Ah, so we had found ourselves in a toilet without a toilet.

I recall Bertrand Russell’s paradox : Can a set which is not a member of itself be a set?

I don’t know.

Can a toilet which is not a toilet be a coffee house - in London, yes!

Public toilets in London have now gone upmarket and their entrance price has risen accordingly to 50 pence, which is fine if you are working but must be prohibitive for the thousands who are not. ( there is one great exception - Church Street Market has a superb Tudor public convenience which is free! )

Even if you work, it is usually only urgent desperation which drives you into a public lavatory and the requirement, as the pressure mounts, to find a fifty pee piece can be excruciating. (pun unintended, as usual)


I feel it my public duty to let Londoners and visitors alike know how to avoid public lavatories - just take a leaf out of our great wartime Prime Minister Winston Churchill’s book.

He always used the lavatory in a private club of which he was not a member.(they just keep on coming!)

He would stride past the doorman, studiously avoiding his stare.

Eventually, he was challenged.

‘I’m sorry Sir, but you can’t just come in here and use the lavatory, this is a private club.’

Churchill stared at the doorman, his eyes widening.

‘ Good grief - is it?’


So, when the digestive tract has done its work, and you are abroad on the streets of London, glance around and settle on the finest looking building nearby.
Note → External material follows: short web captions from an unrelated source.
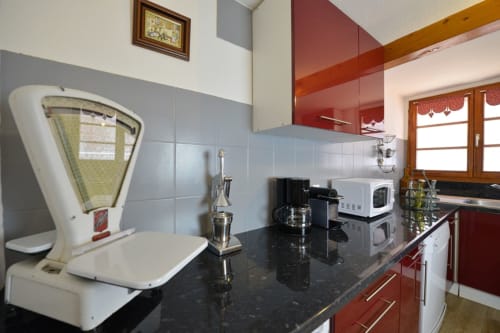 Cuisine équipée moderne du gîte Les Coquelicots à Riquewihr
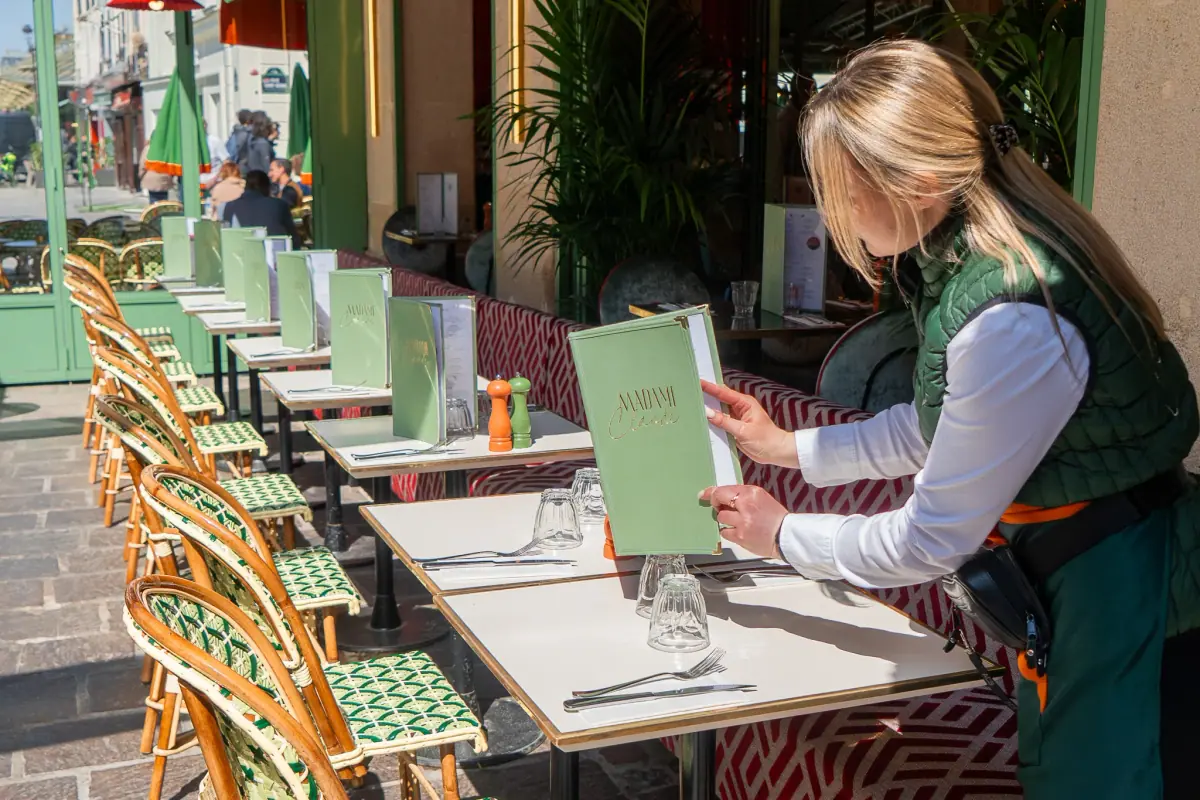 Table dressée pour un dîner au restaurant Madame Claude, à Châtelet
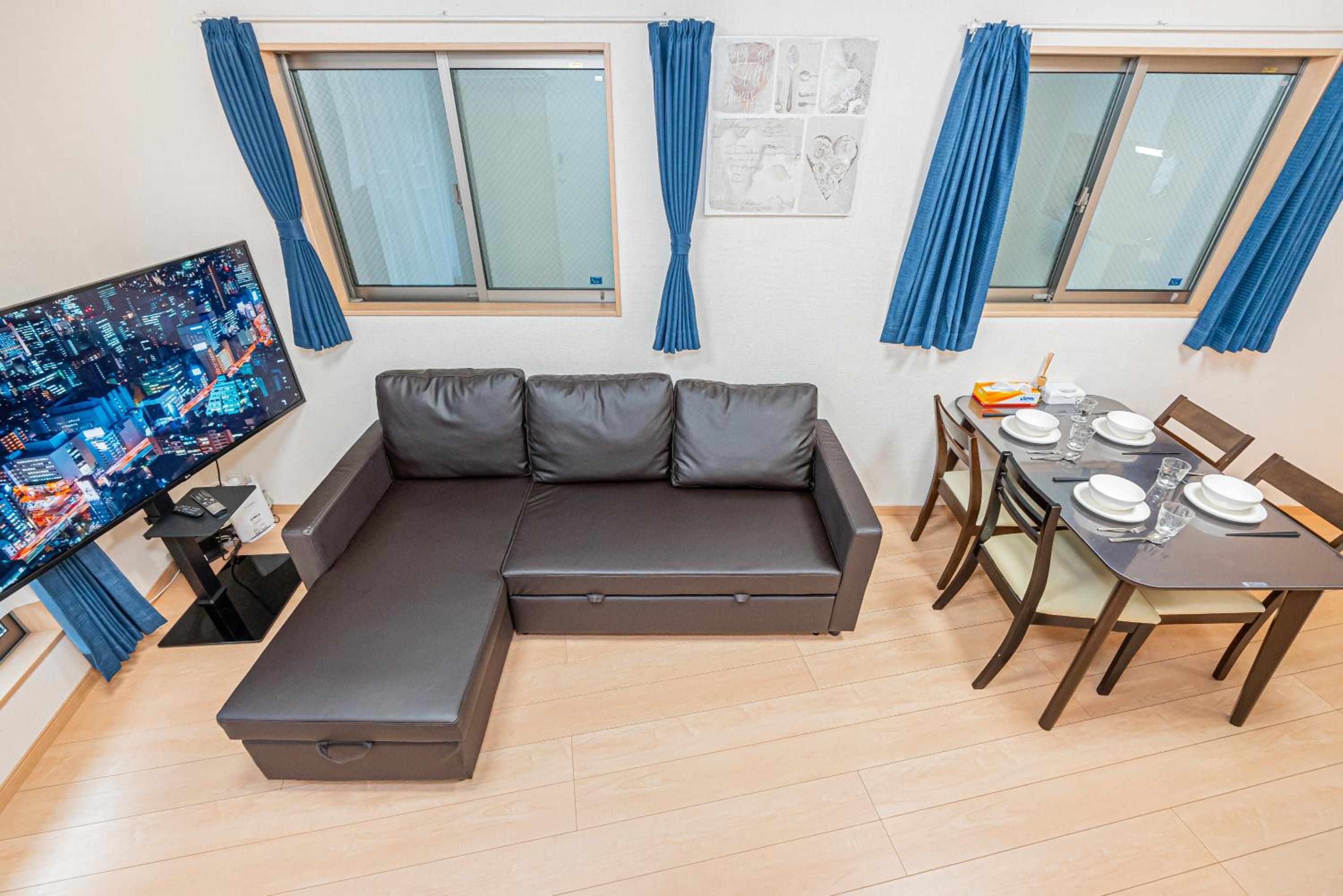 Otsuka house with 3BR near the Yamanote line
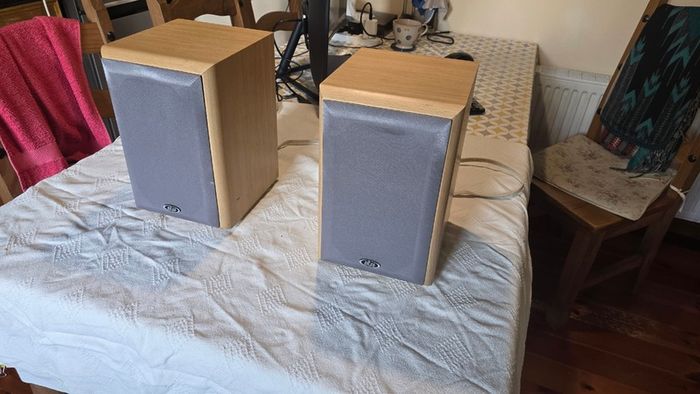 Classic HiFi System Cambridge Audio Amp plus Eltax Speakers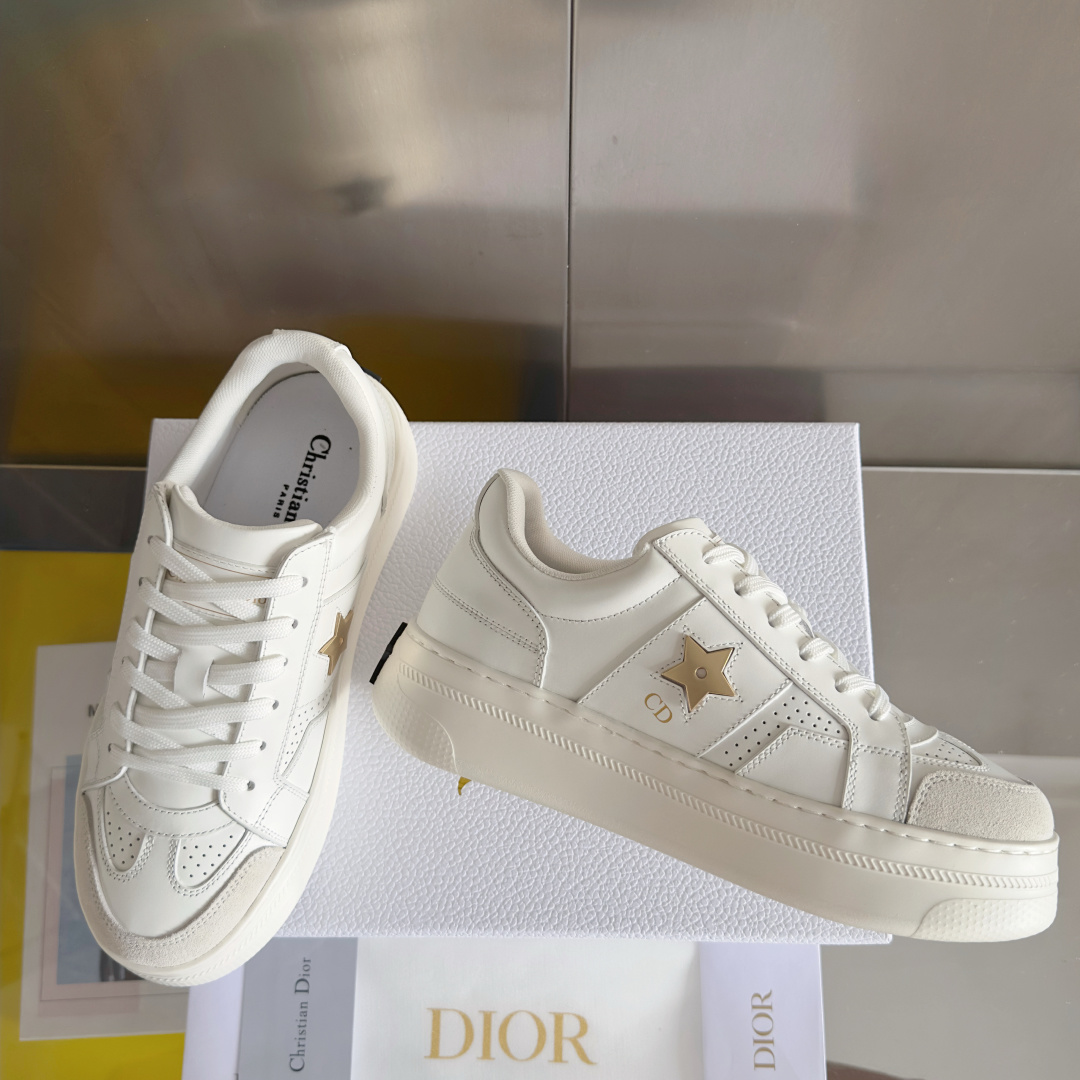 顶级版本:女款
Dior迪奥 最新Star系列 五角星 厚底 松糕鞋 休闲 运动鞋 小白鞋
原版购入开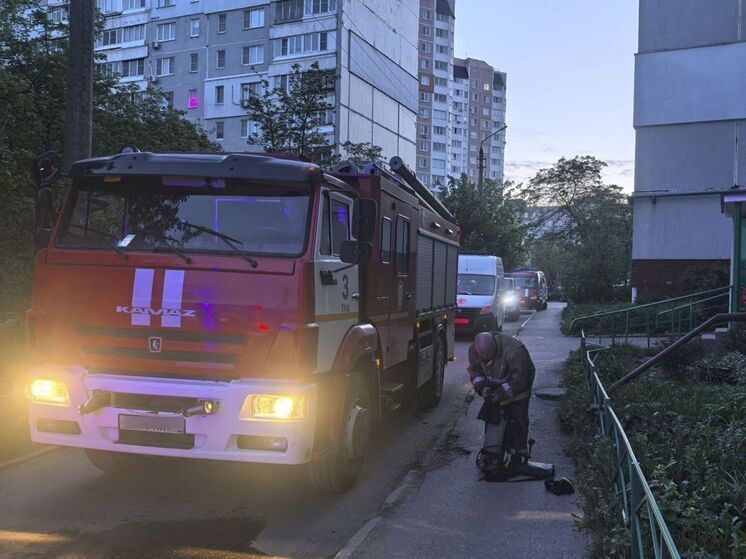 В Туле огнеборцы МЧС спасли человека из пожара в многоквартирном доме
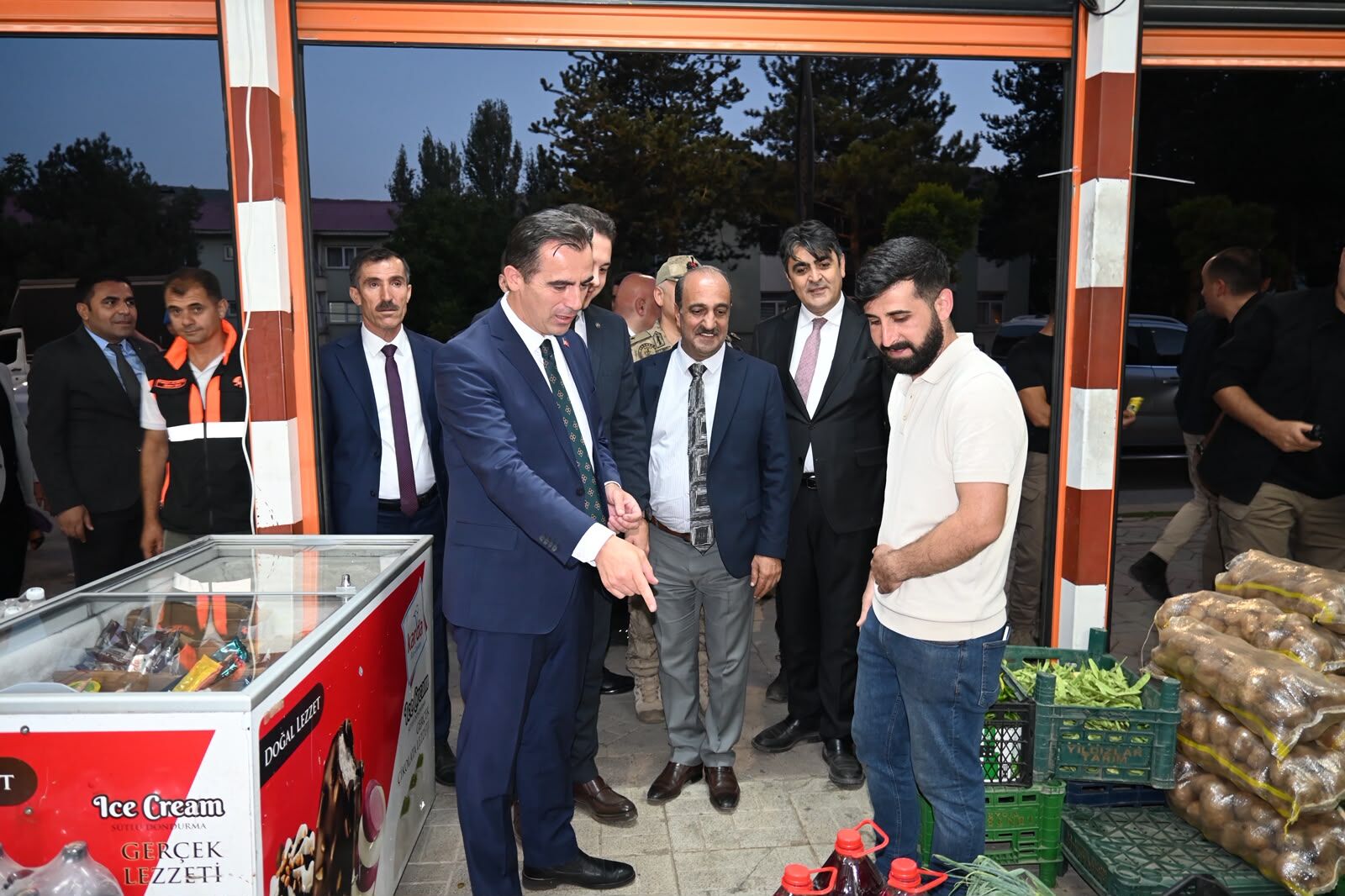 Vali Karakaya Hizan’da esnaf ve vatandaşlarla buluştu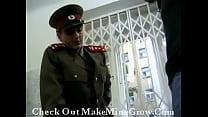 video 軍の女の子は彼女の囚人をファック sex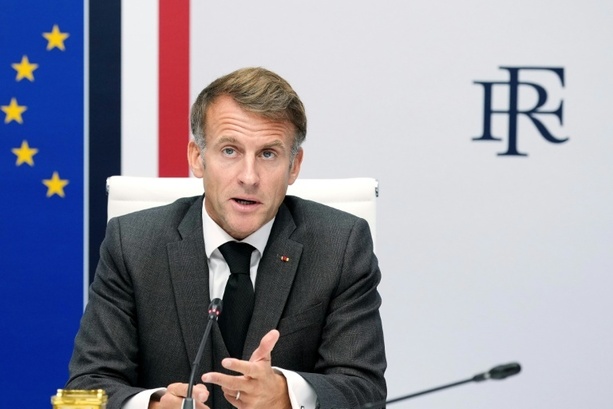 Bild vergr&ouml;&szlig;ern: Frankreich: Macron wirft ultralinken Gruppen Umsturzversuch vor - Verteidigungsrat soll tagen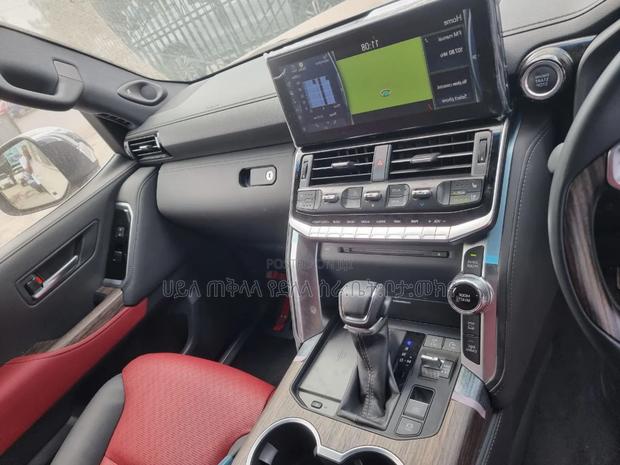 New Toyota Land Cruiser 2023 Silver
If it is in any way open, walk in and ask in a solicitous voice where the toilet is.

Try to give the impression that you want to know for professional purposes - as if you are a building inspector, or a health and safety inspector.

You will not be refused.

If you are, ask what purpose the building serves, and prepare to say, ‘ Good grief, is it? upon hearing the reply.


Elena and I flew back to Moscow yesterday, and we are happy to be back in the land of deep snow and big blue skies.


The Airport Express is as reliable as ever, but the constant tannoy announcements about suspicious packages, inevitable and unavoidable as they seem to be,eventually generate a sense of paranoia that Orwell’s 1984 has arrived at last, and governments the world over are busy terrifying their populations so that they can assume ever greater powers in order to protect us from terrorists.

In Britain, legislation to institute secret courts has just been passed by the House of Commons.

In the USA, Obama has passed a law, which he says he won’t use, allowing him to order the arrest and detention of anyone suspected of being an enemy, which claim sounds like doublespeak to me.

One of the best novels I have read in a long time is by a Russian author called Platanov, who wrote ‘Happy Moscow’ about a woman called Moscow, in the 1930’s.

It is a satire of Soviet life, so of course it was banned by Stalin, who had no sense of humour but liked killing people.

The humour is centred on the ways in which the natural idealism of Russians towards their communist experiment was crushed by the constant, creeping encroachments that the state made into the private sphere, driving individualism into darker and darker corners to seek relief from the glare of the public domain.

Is it just me, or is this happening at last?

It won’t have come about as a result of a sinister plan, it will be a hell the road to which was paved with good intentions, just as T.S Eliot, in The Hollow Men, concluded that world would not end with a bang, but a whimper.

Actually, as in Doctor Strangelove, it will end in an accidental bang.


There is something very reassuring about the makeshift public lavatories of Moscow - they look like converted Tardis’s from Dr Who.
In the background is Marshall Zhukov on his horse, leaving
the Kremlin to his left. These public toilets are opposite what
was once The Duma, now a museum of the 1812 war with Napoleon.



You pay the female attendant and buy your toilet paper from her - an important piece of quantity surveying on your part, for which you may not be fully trained if you are not a native.

Public lavatories across the road from the Bolshoi Theatre - these are 20 rubles

No Health and Safety executive has been anywhere near these insubstantial sheds, which feel as if they might topple over in a strong wind, and which certainly offer no protection against frostbite in indelicate regions.